There are 12 people on an island and one is heavier than the others. You have to figure out which Islander is the heaviest using a seesaw. But you can only use the seesaw 3 times. How do you figure out which one is heavier?

Divide them into 3 groups of 4 people.

Put any two groups on each side of the see-saw. (First Use)

Condition 1

If the see-saw balances, we are sure that the oddly weighted one is in the other group of 4.

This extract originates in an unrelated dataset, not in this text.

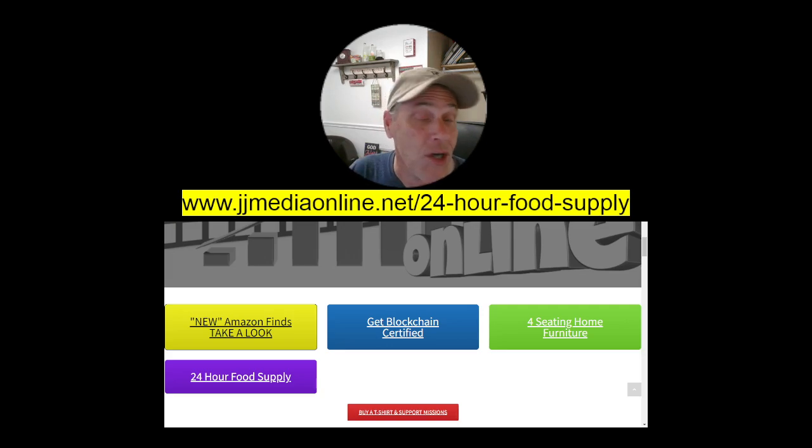Go ahead and comment below on what you use as your power backup. We know that the power issues, especially here in the United States — and I live in Florida, so I have to deal with hurricanes — there are a lot of issues. So let's get on into it.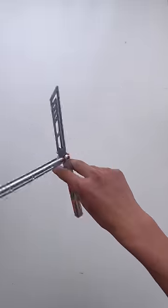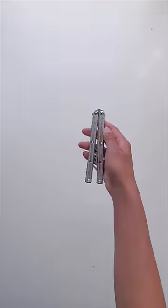Messing up this trick could be fatal, so you guys have to follow if I land this. Alright, here we go.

In that case, take two people from that group and place them on one end of the seesaw and two of the balanced eight on the other. (Second Use)

Condition 1.1

If the seesaw balances, remove all but one from the seesaw and put one of the remaining two opposite them. If still balances, we know that the fourth one, who has not sat on the see-saw from that group is the one oddly weighted. (Third Use)

Condition 1.2

If the seesaw is not balanced, remove one from each end. If the seesaw is balanced, the one of the unknown four just removed was the oddly weighted one. Otherwise, the one who stayed is the oddly weighted one. (Third Use)

Condition 2

If the two groups of 4 don’t balance remember which side was lighter, have three get off one end, and the remaining person swap places with one of the other four. Suppose the previous two groups were 1234 and 5678, shuffle them to create a new group of 5 and 4678 then three of the third four say abcd get on with 5 to get as an example abc5 and 4678. (Second Use)

Condition 2.1.1

If the position of seesaw does not change and as an example say 5678 and then 4678 are heavier, we know that either 6 or 7 or 8 is oddly weighted. Now put 7 on one end and 8 on the other. If one is heavier they are the odd one otherwise it is 6. (Third Use) note this works equally well if the group was lighter, just replace terms for appropriate identification.

Condition 2.1.2

If the seesaw reverses, ether 4 or 5 is the oddly weighted one. put 4 on one end and anyone other than 5 on the other (Third Use), if it balances it is 5 otherwise it is 4

Condition 2.1.3

If the seesaw balances we know that either 1 or 2 or 3 is oddly weighted. Say as example 1234 were lighter. Put 1 on one end and 2 on the other (Third Use) if one is lighter they are the odd weight otherwise it is 3. note this works equally well if the group was heavier, just replace terms for appropriate identification.

Done – easy peasy. Right?